Records provided Start Marker
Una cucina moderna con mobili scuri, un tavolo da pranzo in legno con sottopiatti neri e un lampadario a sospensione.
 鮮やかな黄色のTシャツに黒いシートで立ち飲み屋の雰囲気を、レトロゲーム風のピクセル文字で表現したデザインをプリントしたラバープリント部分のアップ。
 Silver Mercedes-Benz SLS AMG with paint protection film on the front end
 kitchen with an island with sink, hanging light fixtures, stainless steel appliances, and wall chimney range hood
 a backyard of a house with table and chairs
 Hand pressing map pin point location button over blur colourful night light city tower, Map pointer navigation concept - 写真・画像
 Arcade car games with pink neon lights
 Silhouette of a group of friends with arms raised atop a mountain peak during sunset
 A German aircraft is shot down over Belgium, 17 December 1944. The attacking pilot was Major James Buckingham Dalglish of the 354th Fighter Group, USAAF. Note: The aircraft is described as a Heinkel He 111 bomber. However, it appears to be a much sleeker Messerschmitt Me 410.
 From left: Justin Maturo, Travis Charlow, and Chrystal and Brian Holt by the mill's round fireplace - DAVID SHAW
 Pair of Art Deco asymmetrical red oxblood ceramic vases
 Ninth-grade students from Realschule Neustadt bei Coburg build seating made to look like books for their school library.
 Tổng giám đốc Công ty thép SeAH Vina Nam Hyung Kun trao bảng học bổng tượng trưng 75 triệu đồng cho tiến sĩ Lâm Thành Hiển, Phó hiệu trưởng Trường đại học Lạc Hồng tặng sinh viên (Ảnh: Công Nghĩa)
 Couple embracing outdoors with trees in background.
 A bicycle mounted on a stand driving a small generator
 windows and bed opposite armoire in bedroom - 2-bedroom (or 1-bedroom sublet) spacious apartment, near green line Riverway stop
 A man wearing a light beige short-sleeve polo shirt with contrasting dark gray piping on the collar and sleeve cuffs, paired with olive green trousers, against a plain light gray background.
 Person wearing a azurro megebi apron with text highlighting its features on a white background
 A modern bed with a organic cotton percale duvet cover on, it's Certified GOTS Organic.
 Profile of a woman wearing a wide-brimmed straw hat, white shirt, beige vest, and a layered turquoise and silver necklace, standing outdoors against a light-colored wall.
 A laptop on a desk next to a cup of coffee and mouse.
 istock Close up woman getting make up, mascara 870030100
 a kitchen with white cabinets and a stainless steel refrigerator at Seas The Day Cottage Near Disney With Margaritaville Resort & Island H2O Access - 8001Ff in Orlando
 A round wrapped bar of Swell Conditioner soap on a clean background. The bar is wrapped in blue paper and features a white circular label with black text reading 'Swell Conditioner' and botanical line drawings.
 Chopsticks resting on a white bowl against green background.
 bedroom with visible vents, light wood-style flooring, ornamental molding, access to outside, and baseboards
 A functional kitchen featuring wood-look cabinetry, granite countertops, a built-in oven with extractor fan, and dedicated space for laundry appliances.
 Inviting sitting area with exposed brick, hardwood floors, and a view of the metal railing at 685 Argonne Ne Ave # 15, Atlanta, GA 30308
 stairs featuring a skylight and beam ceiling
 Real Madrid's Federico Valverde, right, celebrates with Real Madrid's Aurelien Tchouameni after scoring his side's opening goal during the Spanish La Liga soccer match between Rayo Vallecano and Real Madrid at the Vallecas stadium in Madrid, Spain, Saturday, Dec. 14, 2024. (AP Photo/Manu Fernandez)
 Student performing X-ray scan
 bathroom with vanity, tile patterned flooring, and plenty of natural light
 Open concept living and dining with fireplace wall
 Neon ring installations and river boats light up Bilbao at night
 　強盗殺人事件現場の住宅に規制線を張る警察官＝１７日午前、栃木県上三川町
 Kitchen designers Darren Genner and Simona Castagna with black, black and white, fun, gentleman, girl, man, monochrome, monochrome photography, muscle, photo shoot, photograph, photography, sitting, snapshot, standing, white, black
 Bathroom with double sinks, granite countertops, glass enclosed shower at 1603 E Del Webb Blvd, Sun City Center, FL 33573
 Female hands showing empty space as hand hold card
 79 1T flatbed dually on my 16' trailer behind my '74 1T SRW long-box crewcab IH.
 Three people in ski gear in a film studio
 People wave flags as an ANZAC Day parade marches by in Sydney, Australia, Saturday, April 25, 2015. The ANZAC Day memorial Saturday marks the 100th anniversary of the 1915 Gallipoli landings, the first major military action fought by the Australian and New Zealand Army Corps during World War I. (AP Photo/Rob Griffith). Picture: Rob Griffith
Records provided End Marker
__What is expected__:
Within the listing above, locate the line containing "A man wearing" and the line containing "stairs featuring a skylight and beam ceiling". Reproduce those two lines and all lines between them exactly, with nothing added.

__Reply__:
 A man wearing a light beige short-sleeve polo shirt with contrasting dark gray piping on the collar and sleeve cuffs, paired with olive green trousers, against a plain light gray background.
 Person wearing a azurro megebi apron with text highlighting its features on a white background
 A modern bed with a organic cotton percale duvet cover on, it's Certified GOTS Organic.
 Profile of a woman wearing a wide-brimmed straw hat, white shirt, beige vest, and a layered turquoise and silver necklace, standing outdoors against a light-colored wall.
 A laptop on a desk next to a cup of coffee and mouse.
 istock Close up woman getting make up, mascara 870030100
 a kitchen with white cabinets and a stainless steel refrigerator at Seas The Day Cottage Near Disney With Margaritaville Resort & Island H2O Access - 8001Ff in Orlando
 A round wrapped bar of Swell Conditioner soap on a clean background. The bar is wrapped in blue paper and features a white circular label with black text reading 'Swell Conditioner' and botanical line drawings.
 Chopsticks resting on a white bowl against green background.
 bedroom with visible vents, light wood-style flooring, ornamental molding, access to outside, and baseboards
 A functional kitchen featuring wood-look cabinetry, granite countertops, a built-in oven with extractor fan, and dedicated space for laundry appliances.
 Inviting sitting area with exposed brick, hardwood floors, and a view of the metal railing at 685 Argonne Ne Ave # 15, Atlanta, GA 30308
 stairs featuring a skylight and beam ceiling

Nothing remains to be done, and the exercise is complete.